Om voornoemde redenen zal, ingeval duidelijk is dat niet sprake is van “zo spoedig mogelijk na de veroordeling”, een afweging gemaakt moeten worden tussen de in het geding zijnde belangen van opsporing, vervolging en berechting van strafbare feiten en de belangen van de veroordeelde bij het tijdig weten of hij nog verplicht zal worden tot afname van DNA-celmateriaal ten behoeve van opname in de DNA-databank. Bij die afweging speelt de mate van tijdsverloop een rol, de aard en ernst van het onderliggende strafbare feit, maar ook het concrete recidivegevaar, en andere klager betreffende persoonlijke factoren.
In het licht van het voorgaande neemt de rechtbank in dit geval in ogenschouw dat er een termijn van 18 maanden is verstreken tussen de veroordeling en het bevel.
De veroordeling betrof een mishandeling. Klager, toen 12 jaar oud, heeft hiervoor een geheel voorwaardelijke taakstraf opgelegd gekregen. De proeftijd van één jaar was ten tijde van het bevel reeds verstreken.
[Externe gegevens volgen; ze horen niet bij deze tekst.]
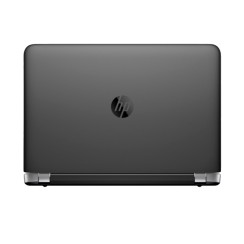 HP ProBook 450 G3 i5, 16 Go, SSD 256 Go, Full HD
Uit het uittreksel uit de justitiële documentatie blijkt voorts dat klager een first offender was en dat na bovengenoemde veroordeling in 2014 door de kinderrechter hij niet opnieuw in aanraking is geweest met politie of justitie.
Daarnaast heeft de rechtbank bij haar beoordeling gelet op de zeer jeugdige leeftijd van klager.
Tot slot neemt de rechtbank bij de beoordeling mee dat het haar ambtshalve bekend is dat in jeugdstrafzaken de strafmodaliteit vaak verschilt van het volwassenenstrafrecht. Het pedagogische karakter is immers het uitgangspunt bij bestraffing van minderjarigen. In het onderhavige geval is sprake van een veroordeling voor een mishandeling. De rechtbank is van oordeel dat voor een dergelijk feit een volwassen first offender in beginsel in aanmerking kan komen voor een geldboete. Dat is een strafmodaliteit waarbij geen sprake is van DNA-afname op grond van de Wet DNA-onderzoek bij veroordeelden. . Alles overwegend, is de rechtbank van oordeel dat een belangenafweging in dit geval met zich meebrengt dat het belang van klager prevaleert. Het bezwaarschrift zal daarom gegrond verklaard worden en bepaald wordt dat het celmateriaal van veroordeelde terstond vernietigd moet worden.

Beslissing

De rechtbank verklaart het bezwaarschrift gegrond.
- verklaart het bezwaarschrift gegrond;
- beveelt de officier van justitie ervoor zorg te dragen dat het afgenomen celmateriaal terstond wordt vernietigd.
Deze beschikking is gegeven op 4 juli 2016 door mr. A.F. Gerding, rechter, bijgestaan door J.H. van Scharrenburg, griffier.